Court Opinion

ID: 6414636
Source: CourtListenerOpinion
Date Created: 2022-06-25 11:55:14.450899+00
Date Added: 2024-06-11T15:51:29.917618
License: Public Domain

Gray, J.
By the Gen. Sts. c. 97, § 1, “ every executor and administrator, within three months after giving bond for the discharge of his trust,” shall give public notice of his appointment; and by § 5 “ no executor or administrator, after having given notice of his appointment as provided in section one, shall be held to answer to the suit of any creditor of the deceased, unless it is commenced within two years after the time of his giving bond as aforesaid, except in the cases hereinafter mentioned,” of which this is not one.

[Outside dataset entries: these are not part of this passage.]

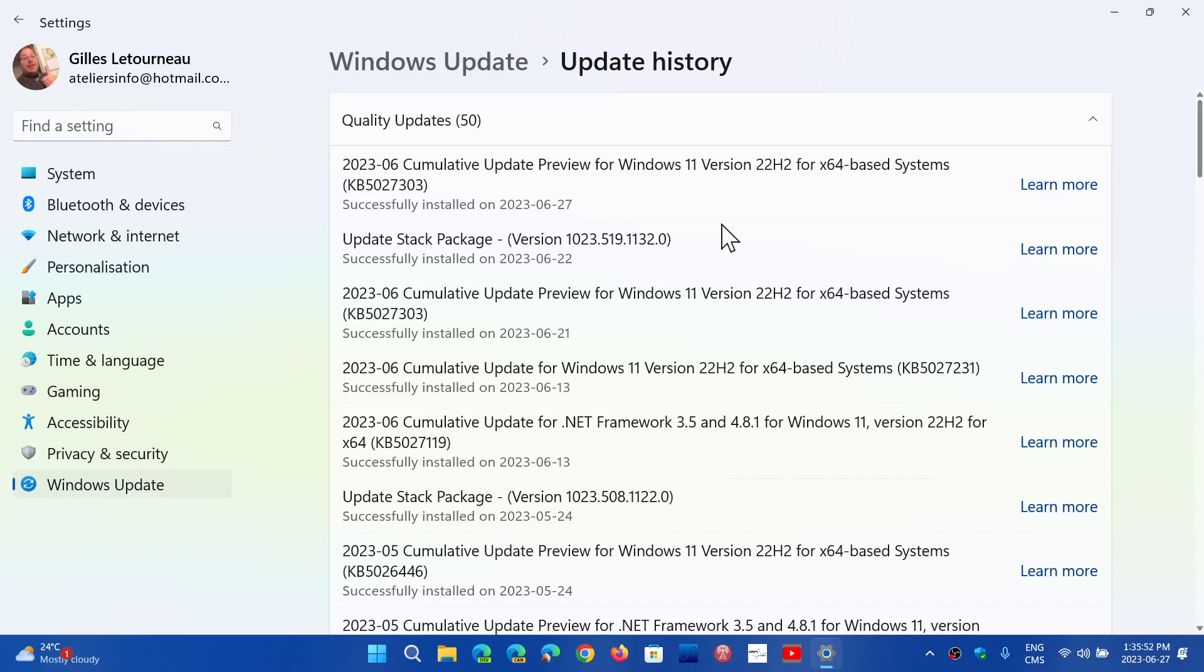The desktop Windows Manager reliability has been improved. They also update to the Spooler service, which is the print service, so hopefully it doesn't break printers. There's network problems of all sorts that are fixed in here, and so many other little things here and there.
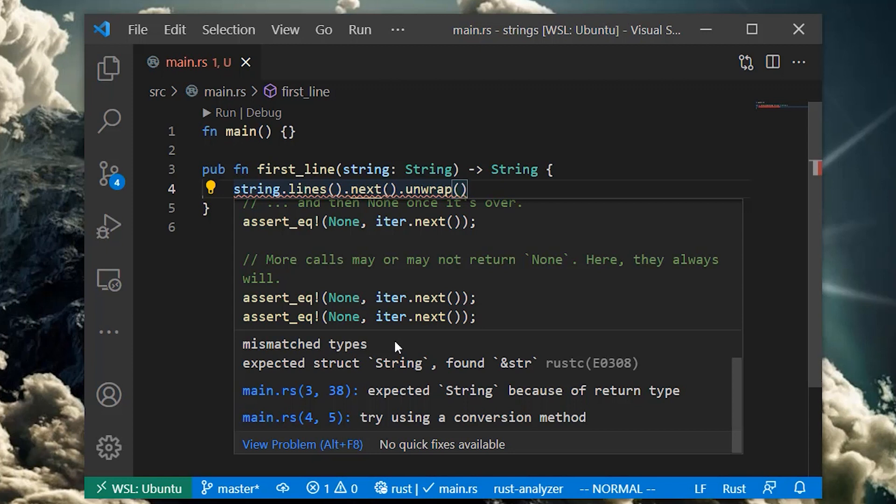It turns out that the line being returned to us is a slice into the string input passed into our function. In other words, it's a direct view into the text data owned by the input string. We're simply being given a view into the original string data.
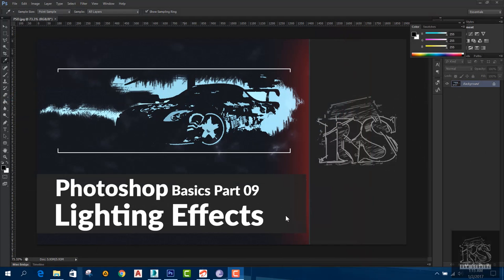Photoshop Basics Part 9. We are going to talk about lighting effects. Lighting effects can be used in images and we are going to demonstrate their performance.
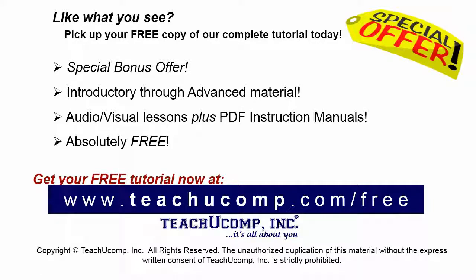Like what you see? Pick up your free copy of the complete tutorial at www.teachucomp.com/free.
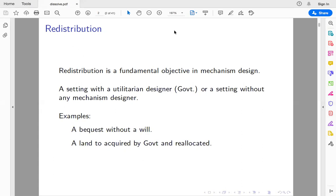The other example is land acquired by the government that needs to be reallocated. There are many interested parties, so who should it be given to and what compensation or prices should be charged? In this case, the government's objective is not to maximize expected revenue but to achieve a utilitarian objective — maximizing the sum of expected utilities of the agents.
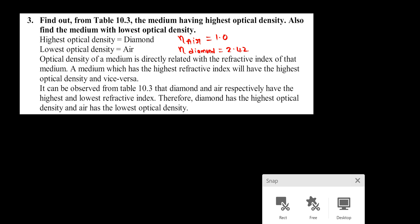Find from table 10.3 in your textbook the medium having the highest optical density, and also find the medium with the lowest optical density. Optical density is related to refractive index — if the refractive index is more, the optical density is more; if less, the optical density is also less. The bending capability of a medium is what we call optical density. Air has a refractive index of about 1, while diamond has a refractive index of 2.42.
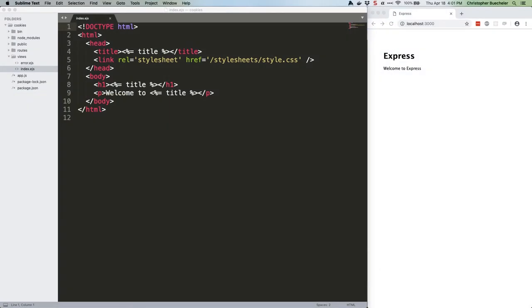I'm surprised I haven't covered cookies yet. They're an important piece of the web. So important, in fact, that the EU got all freaked out about them and passed an idiotic piece of legislation that resulted in a hundred million banners saying this website uses cookies, on which everyone just clicks okay, fine, whatever, without really thinking about it. But I digress.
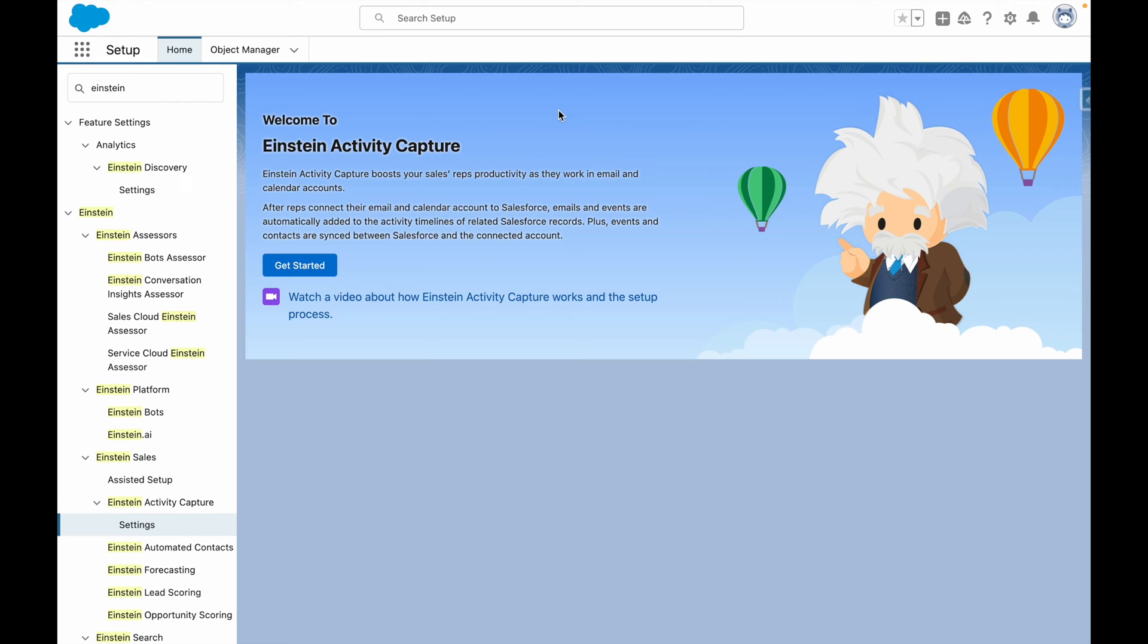Within Salesforce, you can use Einstein Activity Capture to automatically sync emails, events, and contacts between Salesforce and either Outlook or Gmail.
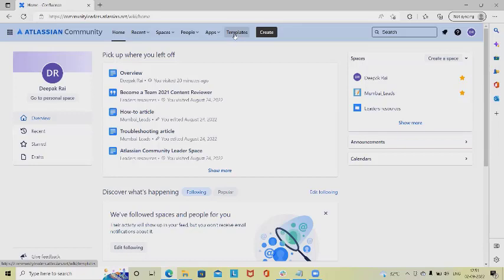If you want to learn Confluence from scratch, please watch my Confluence playlist. I will also include the URL in the description tab so it will be easy for you to refer to the Confluence playlist.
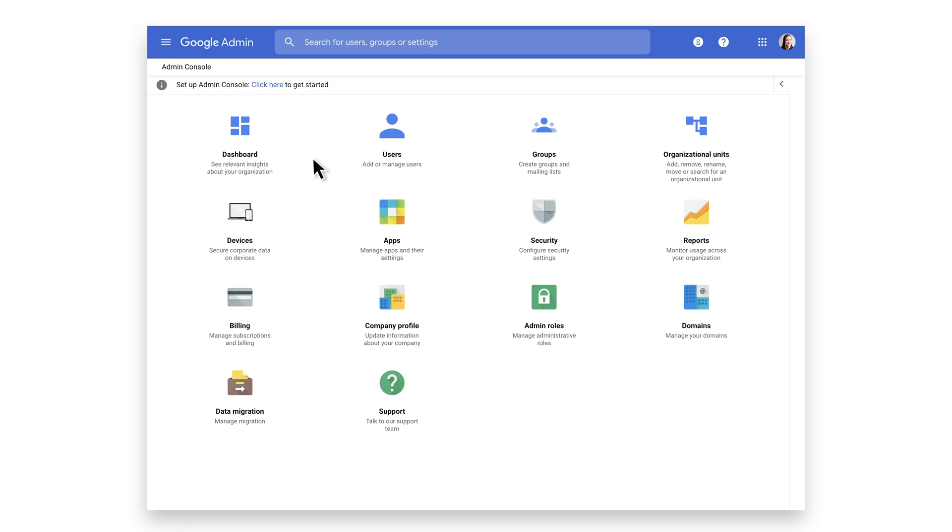Safe Browsing is a Google service that shows warnings to users when they attempt to visit dangerous websites or download dangerous files. The service helps deter negligent behavior, even when it's not deliberate. As a Chrome administrator,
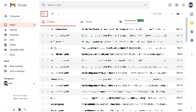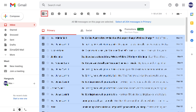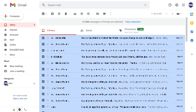Step 2: Click to place a checkmark in the selection box above your Gmail message list to select all of the messages you can see, and then click to select all of the messages in your Gmail inbox. All of the emails in your inbox will be selected.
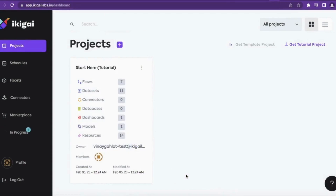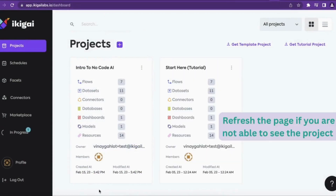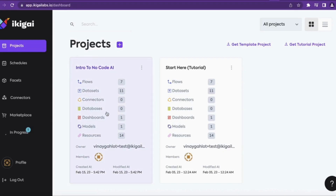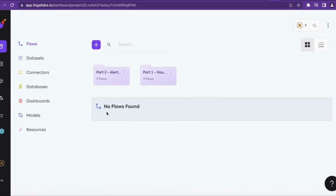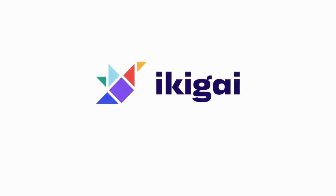The project will start downloading. If you cannot find it, please refresh the page. Click on the project to get inside it and get access to flows and datasets. Thanks.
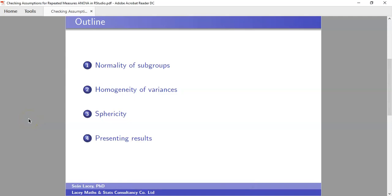Welcome back to Part 2 of checking assumptions for repeated measures ANOVA in RStudio. In Part 1 we looked at the normality of ten subgroups. For this part we're going to look at how to determine the homogeneity of variance across the ten subgroups, and then because of the within-subjects factor of time, we'll also look at sphericity.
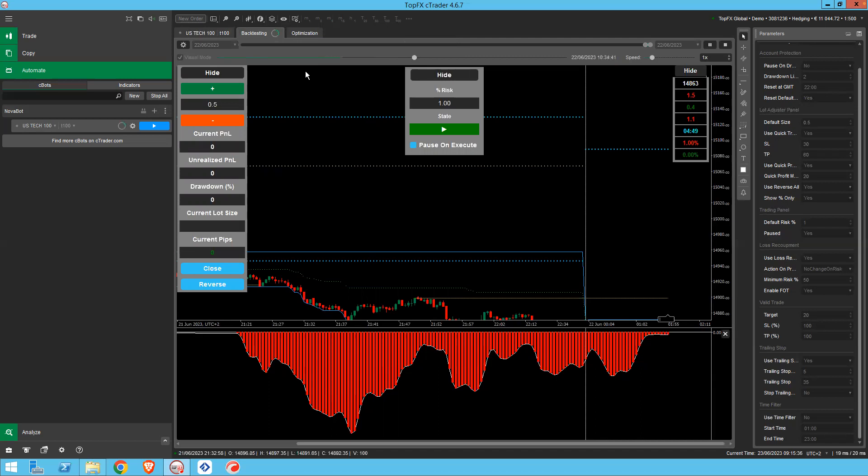And then it takes a little lag for the screen line to catch up. And then once it reaches here, it'll start playing back the scenario just as if you were sitting in front of the chart yesterday at 3:30.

By the Gen. Sts. c. 93, § 2, every executor, before entering upon the execution of his trust, shall give bond with sufficient surety or sureties; but by § 5 “ an executor shall be exempt from giving a surety or sureties on his bond, when the testator has ordered or requested such exemption,” (as this testator did,) “ but not until all creditors of the estate, and the guardian of any minor interested therein, have been notified, and had opportunity to show cause against the same.” And by c. 101; § 12, “ no bond required to be given to the judge of the probate court, or filed in the probate office, shall be sufficient, unless examined and approved by the judge, and his approval thereof under hi official signature is written thereon.”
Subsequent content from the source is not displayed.